Provided records START
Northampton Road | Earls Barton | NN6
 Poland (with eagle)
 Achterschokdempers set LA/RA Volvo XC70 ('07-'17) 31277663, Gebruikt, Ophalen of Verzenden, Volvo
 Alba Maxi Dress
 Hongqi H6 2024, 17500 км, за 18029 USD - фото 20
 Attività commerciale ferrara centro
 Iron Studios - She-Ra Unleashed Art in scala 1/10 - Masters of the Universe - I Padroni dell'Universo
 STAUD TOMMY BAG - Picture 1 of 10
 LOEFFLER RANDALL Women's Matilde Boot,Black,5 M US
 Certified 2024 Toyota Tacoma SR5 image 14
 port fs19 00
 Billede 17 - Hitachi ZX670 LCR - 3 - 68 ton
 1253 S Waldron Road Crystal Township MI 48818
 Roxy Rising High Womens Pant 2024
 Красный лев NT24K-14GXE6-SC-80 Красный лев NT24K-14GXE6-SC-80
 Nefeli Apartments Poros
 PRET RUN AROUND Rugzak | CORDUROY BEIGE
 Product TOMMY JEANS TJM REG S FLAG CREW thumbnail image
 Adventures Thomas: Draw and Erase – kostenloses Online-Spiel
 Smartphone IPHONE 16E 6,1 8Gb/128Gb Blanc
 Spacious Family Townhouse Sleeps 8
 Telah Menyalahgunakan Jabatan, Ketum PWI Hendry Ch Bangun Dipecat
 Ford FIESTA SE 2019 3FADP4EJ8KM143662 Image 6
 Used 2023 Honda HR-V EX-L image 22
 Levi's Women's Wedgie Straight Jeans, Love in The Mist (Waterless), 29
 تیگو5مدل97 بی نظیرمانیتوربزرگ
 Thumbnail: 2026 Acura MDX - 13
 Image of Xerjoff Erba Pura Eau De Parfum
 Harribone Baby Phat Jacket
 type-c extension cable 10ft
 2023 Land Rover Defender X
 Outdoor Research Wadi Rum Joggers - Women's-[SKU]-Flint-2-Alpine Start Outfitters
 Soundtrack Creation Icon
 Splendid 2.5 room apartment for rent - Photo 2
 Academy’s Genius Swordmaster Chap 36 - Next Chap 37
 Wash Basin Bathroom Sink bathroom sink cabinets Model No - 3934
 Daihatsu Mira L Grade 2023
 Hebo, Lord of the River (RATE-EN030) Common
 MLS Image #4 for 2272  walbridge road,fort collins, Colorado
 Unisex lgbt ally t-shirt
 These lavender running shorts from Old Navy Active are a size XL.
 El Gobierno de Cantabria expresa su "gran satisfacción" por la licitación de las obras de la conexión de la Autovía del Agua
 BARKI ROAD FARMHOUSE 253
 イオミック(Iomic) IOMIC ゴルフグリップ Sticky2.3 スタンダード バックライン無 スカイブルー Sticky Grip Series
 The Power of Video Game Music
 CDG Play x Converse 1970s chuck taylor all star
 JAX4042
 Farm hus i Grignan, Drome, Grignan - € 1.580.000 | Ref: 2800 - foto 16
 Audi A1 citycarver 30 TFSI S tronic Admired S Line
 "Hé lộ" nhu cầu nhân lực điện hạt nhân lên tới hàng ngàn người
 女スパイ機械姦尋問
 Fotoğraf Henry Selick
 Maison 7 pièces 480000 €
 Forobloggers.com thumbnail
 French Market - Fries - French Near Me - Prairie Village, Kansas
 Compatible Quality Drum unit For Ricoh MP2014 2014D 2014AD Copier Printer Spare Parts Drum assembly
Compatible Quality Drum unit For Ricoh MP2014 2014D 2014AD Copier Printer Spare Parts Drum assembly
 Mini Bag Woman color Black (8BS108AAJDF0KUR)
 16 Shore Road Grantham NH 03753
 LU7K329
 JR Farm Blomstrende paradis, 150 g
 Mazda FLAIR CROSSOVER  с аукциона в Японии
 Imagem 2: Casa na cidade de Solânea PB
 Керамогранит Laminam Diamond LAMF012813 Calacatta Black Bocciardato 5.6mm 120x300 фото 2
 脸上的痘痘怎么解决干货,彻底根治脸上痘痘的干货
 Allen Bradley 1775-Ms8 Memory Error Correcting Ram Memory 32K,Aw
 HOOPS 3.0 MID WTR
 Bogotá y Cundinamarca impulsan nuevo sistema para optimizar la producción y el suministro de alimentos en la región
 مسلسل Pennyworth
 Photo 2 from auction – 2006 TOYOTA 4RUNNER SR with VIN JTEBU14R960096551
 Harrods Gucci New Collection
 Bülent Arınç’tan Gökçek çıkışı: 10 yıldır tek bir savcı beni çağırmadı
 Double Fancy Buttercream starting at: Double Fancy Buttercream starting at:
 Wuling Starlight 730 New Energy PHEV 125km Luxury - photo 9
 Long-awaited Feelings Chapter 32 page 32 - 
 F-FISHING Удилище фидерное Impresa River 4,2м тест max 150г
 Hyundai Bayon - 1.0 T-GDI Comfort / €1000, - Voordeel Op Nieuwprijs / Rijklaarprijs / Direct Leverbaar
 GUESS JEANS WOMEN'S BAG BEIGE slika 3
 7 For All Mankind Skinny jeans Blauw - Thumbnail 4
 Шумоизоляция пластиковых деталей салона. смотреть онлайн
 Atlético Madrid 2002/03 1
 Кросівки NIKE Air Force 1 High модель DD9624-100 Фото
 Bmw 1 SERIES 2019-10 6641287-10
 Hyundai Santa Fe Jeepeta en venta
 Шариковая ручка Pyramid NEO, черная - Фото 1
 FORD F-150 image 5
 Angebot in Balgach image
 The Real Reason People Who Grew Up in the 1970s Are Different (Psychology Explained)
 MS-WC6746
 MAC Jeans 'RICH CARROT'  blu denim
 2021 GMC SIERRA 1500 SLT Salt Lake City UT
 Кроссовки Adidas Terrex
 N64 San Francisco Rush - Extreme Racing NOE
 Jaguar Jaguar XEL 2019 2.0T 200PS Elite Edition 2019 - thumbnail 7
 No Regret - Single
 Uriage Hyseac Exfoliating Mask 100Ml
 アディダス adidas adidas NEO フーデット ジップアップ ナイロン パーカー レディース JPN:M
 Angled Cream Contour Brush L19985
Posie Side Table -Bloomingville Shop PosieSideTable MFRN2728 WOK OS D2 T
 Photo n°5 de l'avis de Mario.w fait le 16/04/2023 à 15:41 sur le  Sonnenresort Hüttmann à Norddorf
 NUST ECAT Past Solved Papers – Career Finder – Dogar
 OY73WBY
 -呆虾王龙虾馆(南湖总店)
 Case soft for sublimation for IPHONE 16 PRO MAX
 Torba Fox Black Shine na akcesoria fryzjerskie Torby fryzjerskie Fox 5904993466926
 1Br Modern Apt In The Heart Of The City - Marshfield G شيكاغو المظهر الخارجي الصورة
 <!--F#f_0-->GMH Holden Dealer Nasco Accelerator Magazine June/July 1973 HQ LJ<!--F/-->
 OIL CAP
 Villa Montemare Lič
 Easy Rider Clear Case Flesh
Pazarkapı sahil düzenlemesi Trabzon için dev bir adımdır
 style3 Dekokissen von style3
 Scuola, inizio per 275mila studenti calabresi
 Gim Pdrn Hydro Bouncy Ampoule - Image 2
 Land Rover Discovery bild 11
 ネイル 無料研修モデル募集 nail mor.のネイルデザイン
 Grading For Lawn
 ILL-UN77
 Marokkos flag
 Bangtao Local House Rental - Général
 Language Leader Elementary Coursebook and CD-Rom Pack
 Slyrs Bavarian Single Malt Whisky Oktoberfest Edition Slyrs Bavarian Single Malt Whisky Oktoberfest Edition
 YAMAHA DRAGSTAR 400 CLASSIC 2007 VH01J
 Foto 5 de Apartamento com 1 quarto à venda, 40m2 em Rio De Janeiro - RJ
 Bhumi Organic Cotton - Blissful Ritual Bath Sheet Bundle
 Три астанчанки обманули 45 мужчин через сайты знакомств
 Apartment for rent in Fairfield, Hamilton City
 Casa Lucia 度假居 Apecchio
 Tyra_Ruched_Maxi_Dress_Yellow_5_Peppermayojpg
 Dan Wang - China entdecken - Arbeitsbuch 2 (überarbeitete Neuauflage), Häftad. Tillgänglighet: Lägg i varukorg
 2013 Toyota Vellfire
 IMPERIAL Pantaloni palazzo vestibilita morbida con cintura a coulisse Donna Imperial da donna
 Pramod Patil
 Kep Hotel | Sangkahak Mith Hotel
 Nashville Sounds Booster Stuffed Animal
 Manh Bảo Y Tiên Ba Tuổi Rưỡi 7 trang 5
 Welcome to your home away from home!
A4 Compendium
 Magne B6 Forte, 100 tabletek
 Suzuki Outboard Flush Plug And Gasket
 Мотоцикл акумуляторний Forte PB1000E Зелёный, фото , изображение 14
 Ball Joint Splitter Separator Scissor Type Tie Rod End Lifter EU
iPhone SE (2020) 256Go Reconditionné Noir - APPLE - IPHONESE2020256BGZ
Provided records END
▸ Task description
In the entries above, find the line holding "port fs19 00" and the line holding "Spacious Family Townhouse Sleeps 8", then retype exactly those two lines and every line between them, and nothing else.

▸ Result for this exercise
 port fs19 00
 Billede 17 - Hitachi ZX670 LCR - 3 - 68 ton
 1253 S Waldron Road Crystal Township MI 48818
 Roxy Rising High Womens Pant 2024
 Красный лев NT24K-14GXE6-SC-80 Красный лев NT24K-14GXE6-SC-80
 Nefeli Apartments Poros
 PRET RUN AROUND Rugzak | CORDUROY BEIGE
 Product TOMMY JEANS TJM REG S FLAG CREW thumbnail image
 Adventures Thomas: Draw and Erase – kostenloses Online-Spiel
 Smartphone IPHONE 16E 6,1 8Gb/128Gb Blanc
 Spacious Family Townhouse Sleeps 8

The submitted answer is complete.